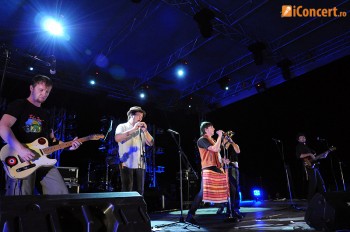 Stufstock 2010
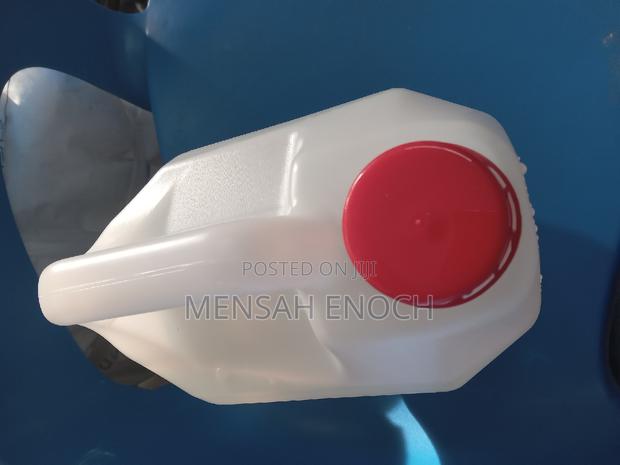 Hydro Membrane Cleaner · Photo 2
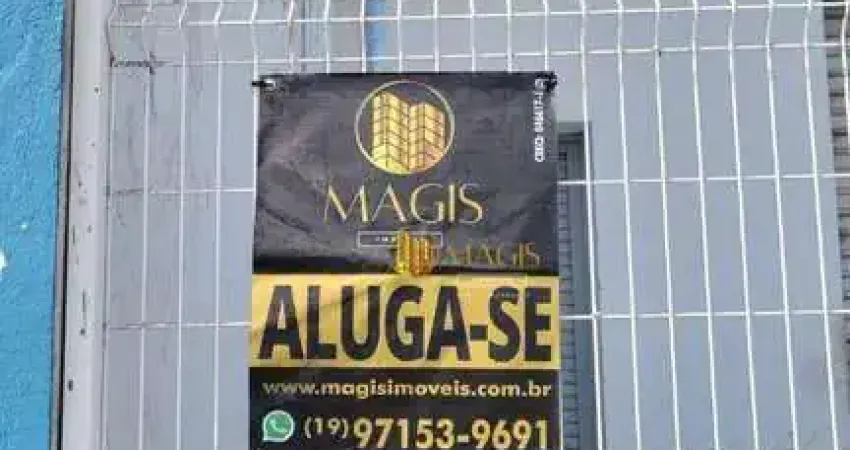 Sala para alugar, 28 m² por R$ 1.075,00/mês - Jardim Nova Hortolândia II - Hortolândia/SP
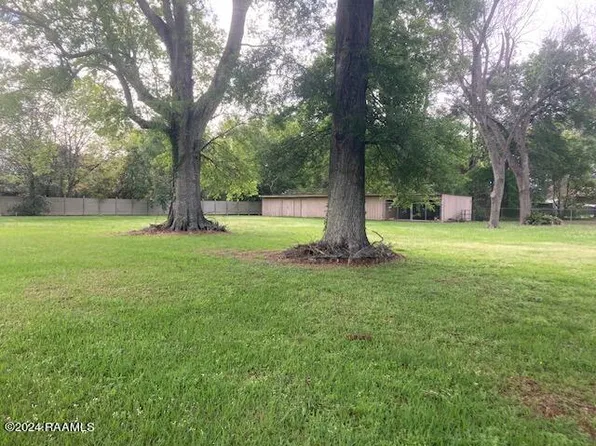 N 5th St, Eunice, LA 70535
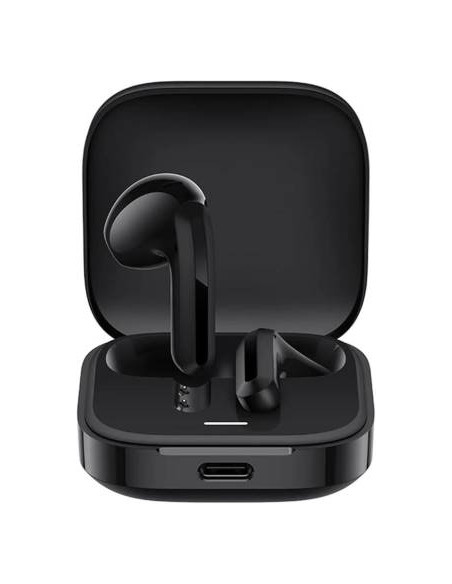 Xiaomi Auricolari Wireless Redmi Buds 6 Active Black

Task prompt »
An exact transcription is requested of each line from the one that holds "Hydro Membrane Cleaner · Photo 2" to the end of the listing above, both boundary lines included; pictures are to be omitted.

Output for this task »
 Hydro Membrane Cleaner · Photo 2
 Sala para alugar, 28 m² por R$ 1.075,00/mês - Jardim Nova Hortolândia II - Hortolândia/SP
 N 5th St, Eunice, LA 70535
 Xiaomi Auricolari Wireless Redmi Buds 6 Active Black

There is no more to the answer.